Exercise details - Using the listing, copy each whole line that features "Necklace".

Information -
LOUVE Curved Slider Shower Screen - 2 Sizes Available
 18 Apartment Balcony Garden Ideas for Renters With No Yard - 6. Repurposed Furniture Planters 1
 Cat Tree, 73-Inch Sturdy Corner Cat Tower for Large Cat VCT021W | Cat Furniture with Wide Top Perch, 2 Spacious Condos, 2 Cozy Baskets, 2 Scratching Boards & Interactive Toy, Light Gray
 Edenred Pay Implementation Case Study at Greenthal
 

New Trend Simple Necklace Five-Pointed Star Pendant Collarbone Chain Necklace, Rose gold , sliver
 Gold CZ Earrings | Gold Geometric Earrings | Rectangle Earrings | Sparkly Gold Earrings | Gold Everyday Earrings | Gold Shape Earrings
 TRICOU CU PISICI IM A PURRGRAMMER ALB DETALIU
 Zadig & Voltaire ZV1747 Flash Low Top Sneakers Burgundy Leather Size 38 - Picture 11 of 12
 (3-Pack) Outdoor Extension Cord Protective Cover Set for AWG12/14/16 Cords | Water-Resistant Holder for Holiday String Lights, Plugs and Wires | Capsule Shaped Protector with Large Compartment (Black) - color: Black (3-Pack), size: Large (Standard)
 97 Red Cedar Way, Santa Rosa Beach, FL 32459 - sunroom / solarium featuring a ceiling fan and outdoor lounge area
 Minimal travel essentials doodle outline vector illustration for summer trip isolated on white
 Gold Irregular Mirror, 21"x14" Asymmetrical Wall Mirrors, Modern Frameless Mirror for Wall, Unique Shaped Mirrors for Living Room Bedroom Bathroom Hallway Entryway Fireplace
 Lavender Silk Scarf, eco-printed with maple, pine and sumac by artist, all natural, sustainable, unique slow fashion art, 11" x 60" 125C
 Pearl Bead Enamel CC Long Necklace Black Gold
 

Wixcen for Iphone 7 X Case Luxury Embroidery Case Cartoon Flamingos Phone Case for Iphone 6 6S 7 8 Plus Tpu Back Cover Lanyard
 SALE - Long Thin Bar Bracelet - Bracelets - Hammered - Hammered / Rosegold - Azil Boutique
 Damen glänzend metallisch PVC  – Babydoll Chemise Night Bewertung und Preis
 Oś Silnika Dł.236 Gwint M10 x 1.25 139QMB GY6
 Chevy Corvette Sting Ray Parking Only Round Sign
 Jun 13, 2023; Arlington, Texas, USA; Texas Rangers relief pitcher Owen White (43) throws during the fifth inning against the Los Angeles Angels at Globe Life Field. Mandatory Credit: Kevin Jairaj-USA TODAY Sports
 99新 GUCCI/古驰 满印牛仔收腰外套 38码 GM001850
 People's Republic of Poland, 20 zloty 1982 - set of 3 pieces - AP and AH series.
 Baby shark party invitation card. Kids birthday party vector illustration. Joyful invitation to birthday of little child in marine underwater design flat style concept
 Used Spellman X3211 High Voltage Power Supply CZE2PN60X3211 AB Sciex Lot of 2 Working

Solution to this problem -
New Trend Simple Necklace Five-Pointed Star Pendant Collarbone Chain Necklace, Rose gold , sliver
 Pearl Bead Enamel CC Long Necklace Black Gold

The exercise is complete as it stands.